When i use Proc severity and proc univariate to estimate parameters,

i have a difference between my 2 estimate parameters.

How i can resolve this problem?

I would like to have exactly the same parameter.

 

Exemple :

DATA Grave2;

INPUT Var1;

CARDS;

148234

17967

24066

20357

2409

93913

24879

75094

42631

50359

22077

63590

25720

57214

228177

105531

77630

62990

99790

477139

;

RUN;

/*a)Estimate parameter with proc Univariate*/

rsubmit;

proc univariate data=Grave2;

var VAR1;

histogram / gamma(theta=0);

qqplot / gamma(theta=0 alpha=est Sigma=est);

ppplot / gamma(theta=0 alpha=est Sigma=est);

histogram / lognormal(theta=0);

qqplot / lognormal(theta=0 zeta=est Sigma=est);

ppplot / gamma(theta=0 alpha=est Sigma=est);

histogram / weibull(theta=0);

qqplot / weibull(theta=0 C=est Sigma=est);

ppplot / weibull(theta=0 C=est Sigma=est);

histogram / pareto(theta=0);

qqplot / pareto(theta=0 alpha=est Sigma=est);

ppplot / pareto(theta=0 alpha=est Sigma=est);

run;

endrsubmit;

/*b) Estimate parameter with Proc severity*/

rsubmit;

proc severity data=Grave2 crit=aic covout plots=none; /* call proc on view */loss VAR1;

title "Statistique des sinistres et selection de la loi par critère AIC";

dist gamma logn weibull gpd /*Pareto donne des résultats trop differents entre severity et univariate*/;

/*dist _predefined_; Preselection de lois utilisées en réassurance*/

run;

endrsubmit;

 

Regards,

1 REPLY 1
Rick_SAS
SAS Super FREQ

There are many ways to fit distributional parameters to data: method of moments, optimization of the likelihhod equation, optimization of an approximate likelihood, matching percentiles, and so forth.  The estimates can also depend on the initial guess and the numerical optimization technique.

 

The documentation for the procedures descrbe how the parameters are estimated.

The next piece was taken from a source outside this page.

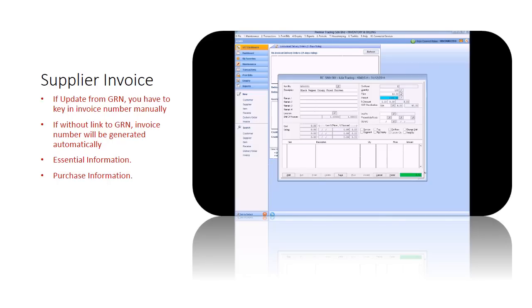If your system has been set up via the GST wizard, the GST code will automatically be populated for the conditions of this purchase.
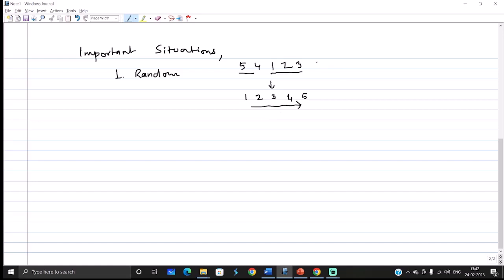For some cases we need the output as 1, 2, 3, 4, 5 but the input sequence is given exactly opposite. This is where we need to understand how much the randomness of the elements depends, and this also helps to understand the complexity of the algorithm.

The doc tor PROC SEVERITY shows how parameters are initialized and what estimation techniques are used. For example, for a gamma distribution, an APPROXIMATE MLE is formed by approximating the digamma function.  This results in a fast estimation. In contrast, the UNIVARIATE procedure solves the true MLE by using the full digamma fnuction.  It is slower, but more accurate.

 

In short, you are not going to be able to get exactly the same answers for the distributions for which SEVERITY and UNIVARIATE use different estimation methods. For distributions like the gamma, the documentation indicates that the estimates might be off by a few percentage points.